This last year and a half has been filled with so much. There’s been the grief and mourning of our son. The closing of our home and the opening of a new one. There’s been a year full of firsts without George Mason and year full of growth for Audrey Nole.
I sort of assumed that while the absence of George Mason would not really ever be pain free, doing life as the McGough family would start become more normal feeling. I suppose to some extent that’s true. We miss our son, we feel his absence and long for his presence, but we are making memories as our family of 3; or is it 4? We are moving forward in this life while we hold on to the memories, though brief, of the 9 months and 1 day that we got to spend with George Mason.
As we went around our neighborhood last night, I really, really felt the hole in our family. Sweet Audrey was just absolutely loving the door-to-door knocking and the candy was an easy motivator to face her timidity and approach each door with confidence and glee. She was running the sidewalks with a few of the neighborhood kids, all boys actually, and was having the time of her life. And in that moment, watching her have a blast, my parent’s heart was simultaneously filled with joy that matched hers and sorrow over missing her sidekick. She was dressed as Queen Elsa and it felt like her little brother would have made the perfect, toddling, Olaf. Can’t you just imagine those sweet toddler cheeks painted red with a bright orange carrot nose?

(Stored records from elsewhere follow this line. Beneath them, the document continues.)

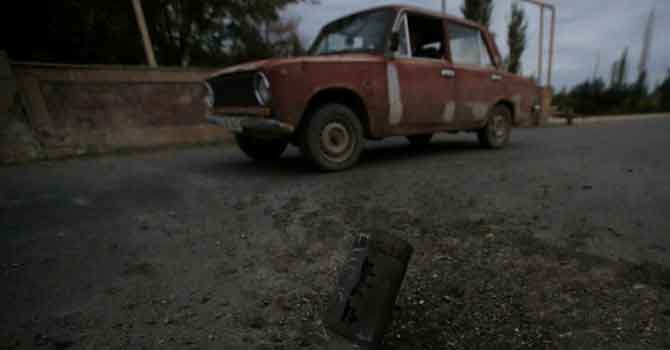 Dağlık Karabağ'da gerilim tırmanmaya devam ediyor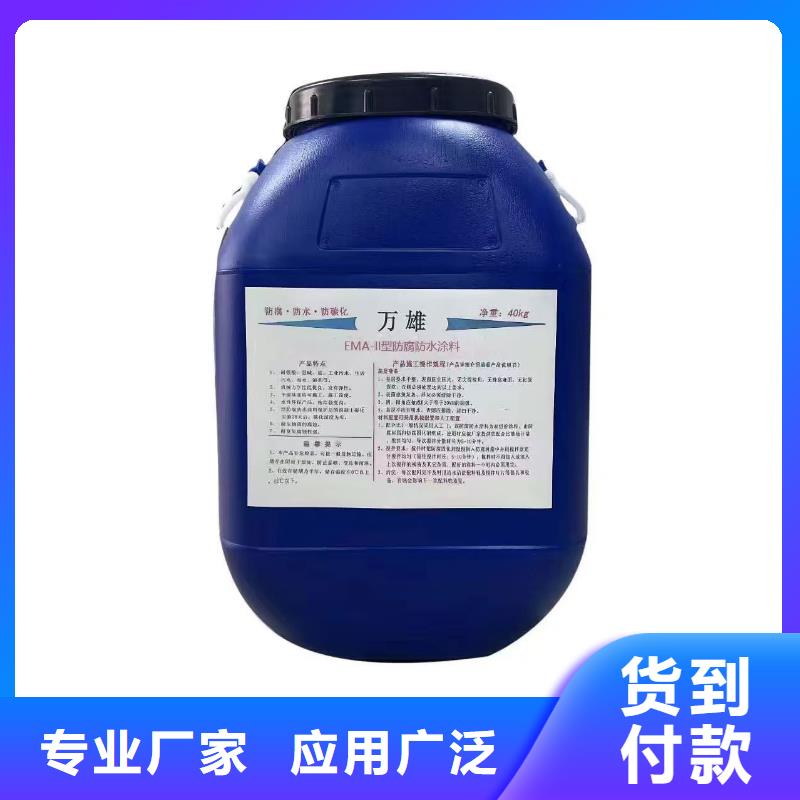 PEO无机防腐防水砂浆做工细致应用广泛SAP反应型防水粘结剂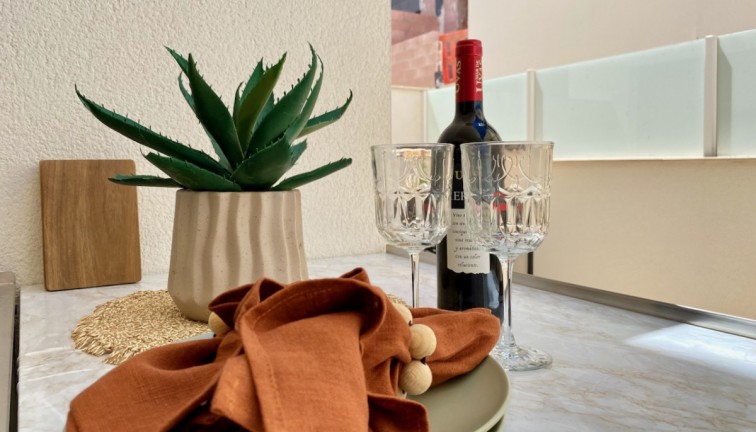 Resale - Bungalow - Los balcones - Los Balcones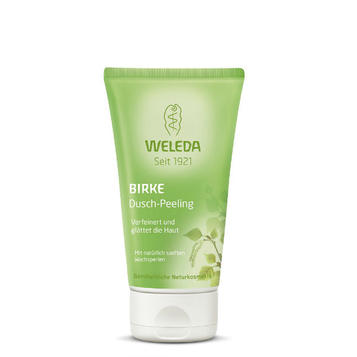 Weleda Берёзовый пилинг для душа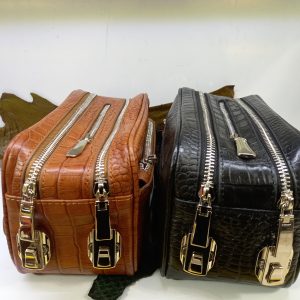 شوز بگ چرم گاوی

I have a feeling that this next couple months, filled will holidays, traditions, and gatherings of friends and family, will be hard; almost harder than they were last year. We were so stuck in the depths of our grief last year, that it was hard to really pay much attention to the dates on the calendar and the many ways it would be possible to miss our son. But this year will be different. We’ve been through all of the normal “firsts” without him. We survived all the holidays, all the should-have-been baby milestones. But this year, since we won’t be focused on surviving the first time, we will be more aware of the things we’re missing by not having our boy here with us.
I’m going to allow myself to lean into those feelings of missing him. To cry when necessary and weep when I just can’t control myself. I’m going to pray that I would run deeper into the arms of my Father as we approach this holiday season and then close out year two without George Mason. I know that I will be comforted in the emotions that come from being a loss mama. I know that my God will give me new mercies, every single day, for whatever feelings will sneak up on me. Yet often in those moments, when the missing turns back to mourning, I forget. I forget His goodness. I forget His steadfast character. And thankfully, He won’t let me.